Nops. Brasileiros, meu senhor. E presos. Quase disse que éramos argentinos, só pra passar o mico adiante. Nisso voltou a menina do grupo deles. Sem administração do parque. Nobody. Serve a moça da lojinha que fica na outra casa? Há de servir. Ela veio. Não tinha a menor idéia do que fazer. Não conhecia a pessoa que cuidava do museu. Será que poderíamos procurar algum número de telefone ali dentro, pra ela ligar?
- Mas está totalmente escuro aqui dentro!, disse a Carla.
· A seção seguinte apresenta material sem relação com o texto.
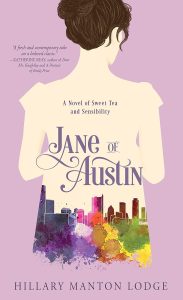 JaneofAustin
Logo ela teve uma brilhante idéia: saiu tirando fotos com flash pra se orientar através das fotos. Você não adora quando a realidade é substituída, assim, sem aviso prévio, por uma comédia pastelão? Finalmente a Carla achou um número de telefone e passou pra moça da lojinha. Ela tirou o celular e ligou pro número. E, no mesmo segundo, começou a tocar um telefone no escuro, bem ao nosso lado. Eu podia ouvir as risadas enlatadadas da claque ao fundo. Só faltou uma tiradinha espertinha colocada pelos roteiristas:
- Puxa, e eu pensava que a armadilha de turista era a lojinha ao lado! [LUZ ACESA: RISADAS]
Mas não era engraçado na hora e continuávamos presos. A moça da lojinha gaguejou:
- Eu... huh... vou ligar... pra... alguém.
- Hey, cortou a Carla, não vá embora, não nos deixe aqui!
- NÃO, não, claro que não, eu vou... hã... lá e já volto. Tentar achar alguém!
- Moça, faz favor, liga pra emergência, chama a polícia! - Esse era eu.
- Claro. Vou tentar achar alguém e se eu não conseguir, eu ligo pra polícia.
- Não, não, liga pra polí...
E ela se foi, nos deixando sozinhos. No escuro. Nisso eu pensei: mas está escuro pra cacete aqui, será que eu acho uma lâmpada, eu não consigo achar um interruptor. Fiquei tateando até que achei uma janela fechada.
Será que abre?
Abriu. O vidro estava trancado. Será que abre?
Abriu.
Ar fresco.
A Carla, VAMOS PULAR! Eu, MAS É CLARO! Ela se encarapita no parapeito e...
- É muito alto!
E volta. Eu penso, mas que se foda, é por ali mesmo que vamos sair.
- Deixa eu tentar.
Olho e a janela está a... tipo... uns 160 centímetros do chão. Sempre me esqueço que o conceito de alto da Carla é diferente do meu (ela tem um metro e cinqüenta e cinco). Vou primeiro, pego as mochilas, depois a Carla e estamos em liberdade. Revoltado, tiro uma foto da placa com o horário de fechamento. Eram, naquele minuto, três horas da tarde em ponto.
Resolvemos aliviar o estresse na praia de Barcelona, coisa que havíamos feito, e faríamos, todos os dias. Sabe como é, né... "meu sorvete não está muito gostoso! Praia pra nos consolar. Fomos trancados no museu! Praia pra nos consolar. A cerveja está médio gelada... praia pra..."
E quem diria que meu chapéu de Indiana Dude não era só enfeite?